2012年1月21日(土)
福島第1非常用電源 未接続放置
責任、押し付け
保安院 工事内容までは…
東電 緊急性低いと認識
東京電力が福島第1原発(福島県大熊町、双葉町)の原子炉データを国の「緊急時対策支援システム」(ERSS)に送信する機器の非常用電源が4カ月前から接続されず事故時も放置されていた問題で、当事者どうしが“責任の押し付け合い”をしています。
非常用電源に接続されていなかったのは、メディアコンバータ(MC)と呼ばれるもので、原発敷地内の東電の計算機から国のERSSへ送信する間の通信機器の一部。東電は19日の会見で、機器に非常用電源を接続しなかったのは、電源を接続する工事の際、「電源ケーブルの長さが足りなかった」からと説明し、そのまま放置したのは「緊急性が高いと思ってなかった」と述べていました。

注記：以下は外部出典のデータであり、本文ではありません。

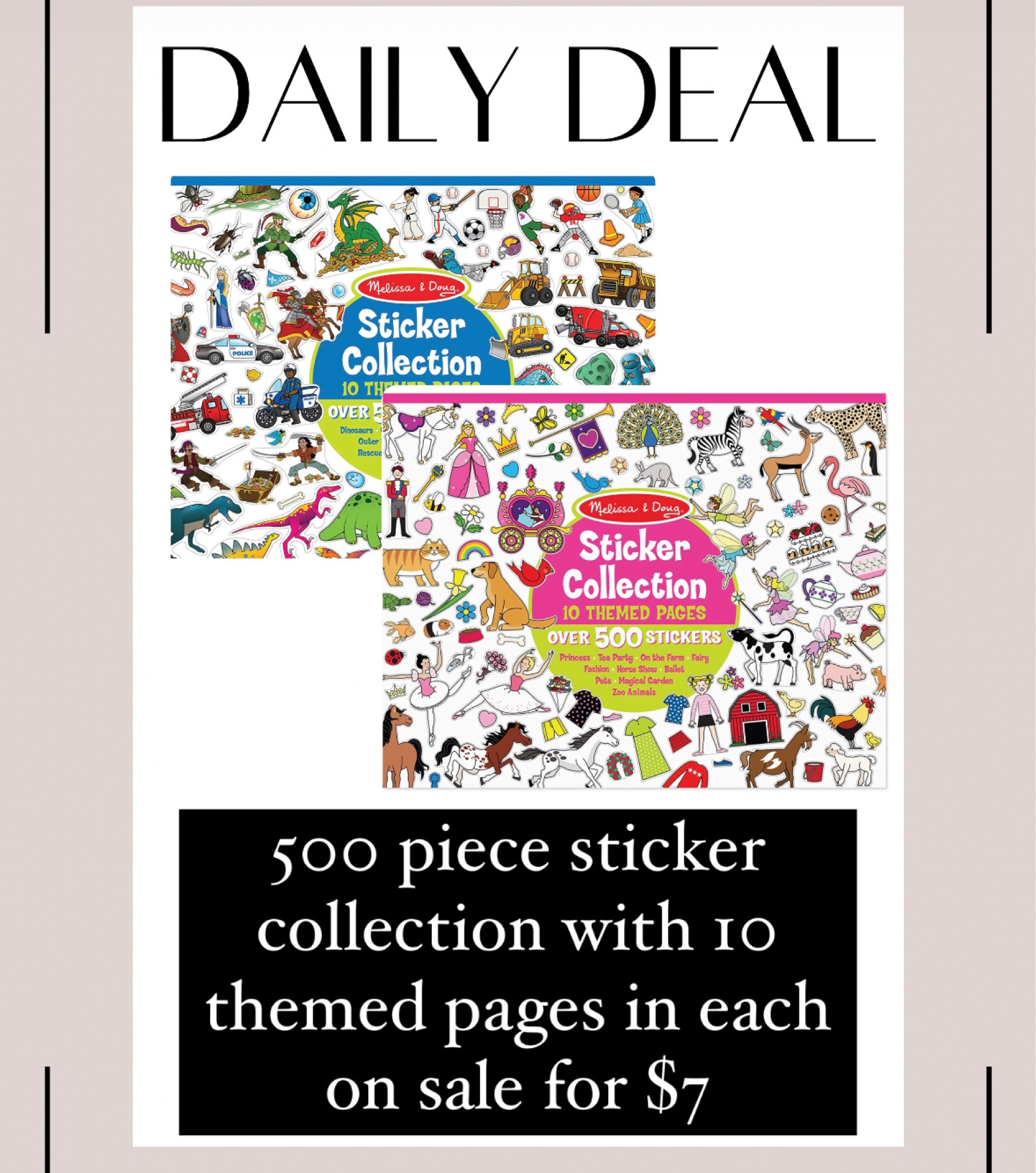 Melissa & Doug Sticker WOW!™ … curated on LTK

問題の機器は同じ敷地内にある経済産業省原子力安全・保安院の検査官が詰める部屋に置かれています。工事には、ERSSの運用を同省から委託されている独立行政法人「原子力安全基盤機構」が立ち会い、検査官もいました。
東電の会見後、保安院が会見。「当日は原子力安全基盤機構が対応していた。検査官は工事をチェックする立場でなく、物がなくなっては困るので立ち会った」と述べて、工事内容を知らなかったとしています。
一方、保安院の会見に同席した同機構は、「(ケーブルが足りなかったのは)東電が違う場所を調査したのだろう」と指摘。工事当日に接続ができなかったのを知りながら、「フォローが足りなかった。当然、取り換えてくれるだろうなと思っていた」と釈明しました。
また、非常用電源の接続工事について、東電が「自主的な取り組み」と強調していたのに対し、機構側は「われわれが提案していた」としています。